This model is based on Logistic Regression.
- The data used to determine my outcome is available in the data folder or can be found on the kaggle page.
- The data folder contains:
- gender_submission.csv – A sample formate for output submission
- test.csv – Test dataset
- train.csv – Train dataset
- titanic_survival.ipynb contains the code for data preprocessing and modelling.

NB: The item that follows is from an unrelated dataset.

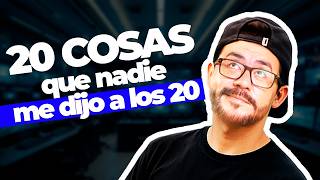 ➡️ 20 Cosas que NADIE me dijo en mis 20´s - Edición GROWTH PARTNER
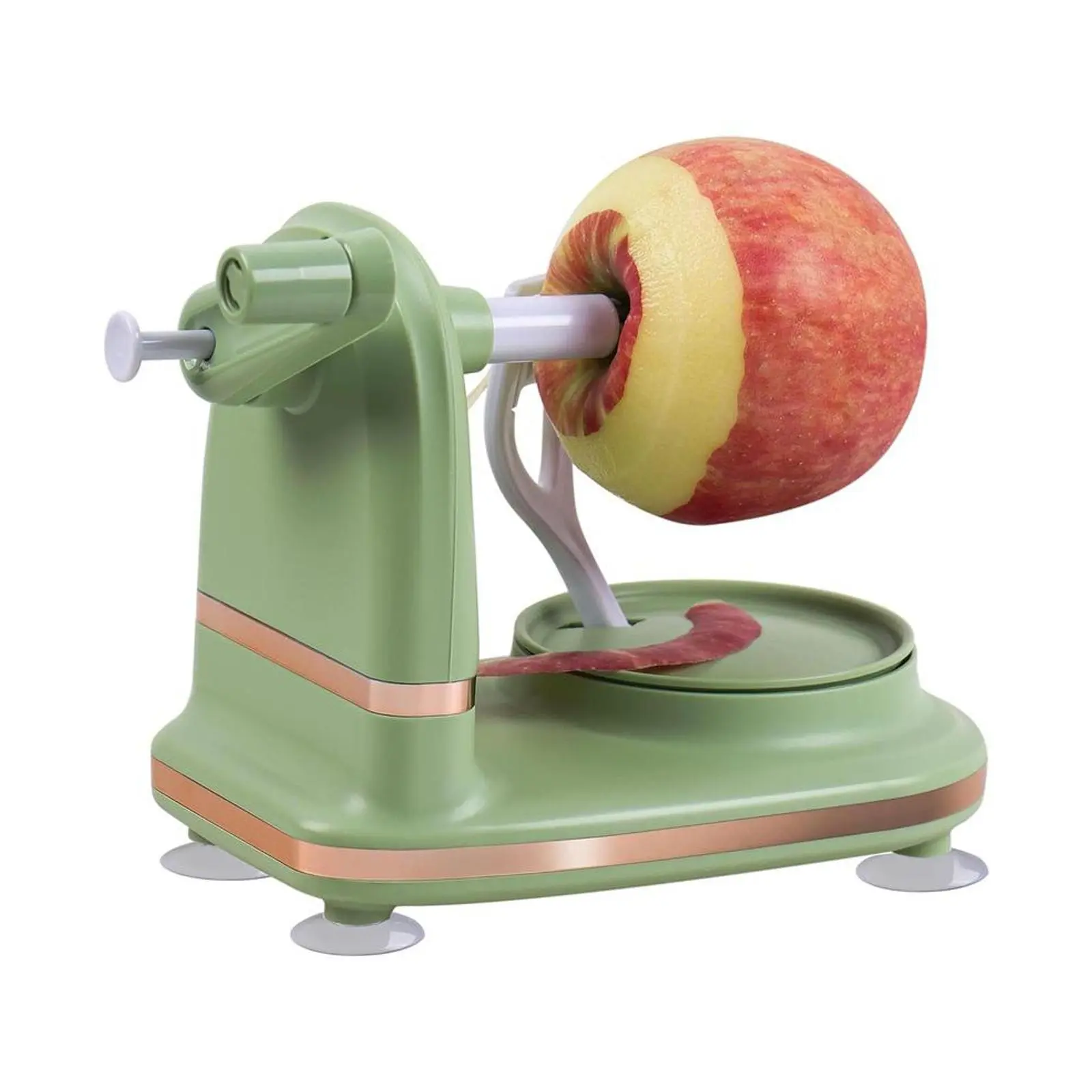 【JULIANG】Apple Peeler,Apple Pealer Slicer & Corer for Home Kitchen Quick Applesauce Pie Making Manual Multifunctional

- submission.csv is the outcome of the data modelling.
Data description
Variable | Definition | Key |
---|---|---|
survival | Survival | 0 = No, 1 = Yes |
pclass | Ticket class | 1 = 1st, 2 = 2nd, 3 = 3rd |
sex | Sex | |
Age | Age in years | |
sibsp | # of siblings / spouses aboard the Titanic | |
parch | # of parents / children aboard the Titanic | |
ticket | Ticket number | |
fare | Passenger fare | |
cabin | Cabin number | |
embarked | Port of Embarkation | C = Cherbourg, Q = Queenstown, S = Southampton |
Variable Notes
pclass: A proxy for socio-economic status (SES) 1st = Upper 2nd = Middle 3rd = Lower
age: Age is fractional if less than 1. If the age is estimated, is it in the form of xx.5
sibsp: The dataset defines family relations in this way… Sibling = brother, sister, stepbrother, stepsister Spouse = husband, wife (mistresses and fiancés were ignored)
parch: The dataset defines family relations in this way… Parent = mother, father Child = daughter, son, stepdaughter, stepson Some children travelled only with a nanny, therefore parch=0 for them.